§ **What you need to do**
Each line below from the one containing "Natural Pink Tourmaline" through the one containing "Rt Hon Charles" should be output exactly as it stands, and no other line should appear.

§ **Record extracts**

-- Opening Marker --

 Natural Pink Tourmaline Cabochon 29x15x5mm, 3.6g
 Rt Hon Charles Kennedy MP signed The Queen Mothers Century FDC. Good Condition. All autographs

-- Closing Marker --
-- Opening Marker --

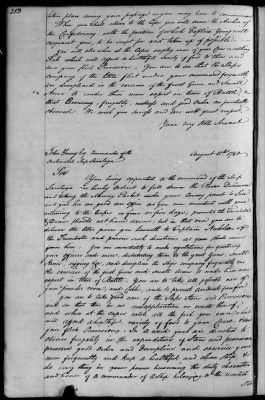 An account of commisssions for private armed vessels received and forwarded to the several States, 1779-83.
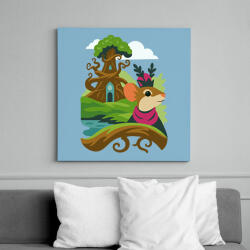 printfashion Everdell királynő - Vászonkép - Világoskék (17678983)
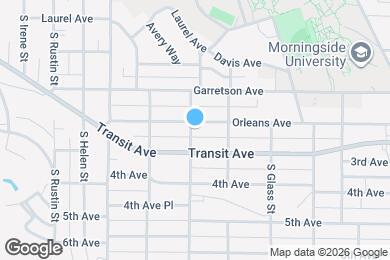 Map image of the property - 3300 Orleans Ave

-- Closing Marker --
-- Opening Marker --

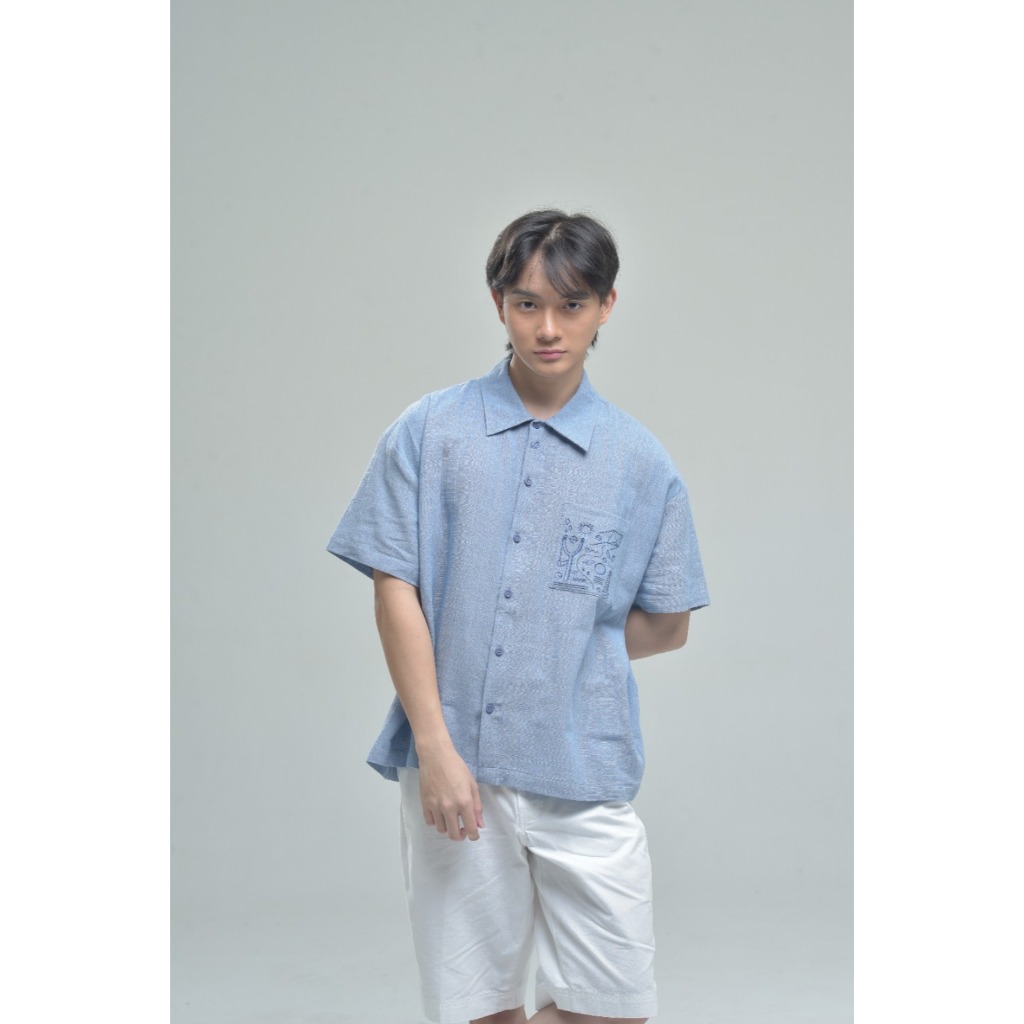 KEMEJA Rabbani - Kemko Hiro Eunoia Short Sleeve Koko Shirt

-- Closing Marker --

§ **Reply to the exercise**
 Natural Pink Tourmaline Cabochon 29x15x5mm, 3.6g
 Rt Hon Charles Kennedy MP signed The Queen Mothers Century FDC. Good Condition. All autographs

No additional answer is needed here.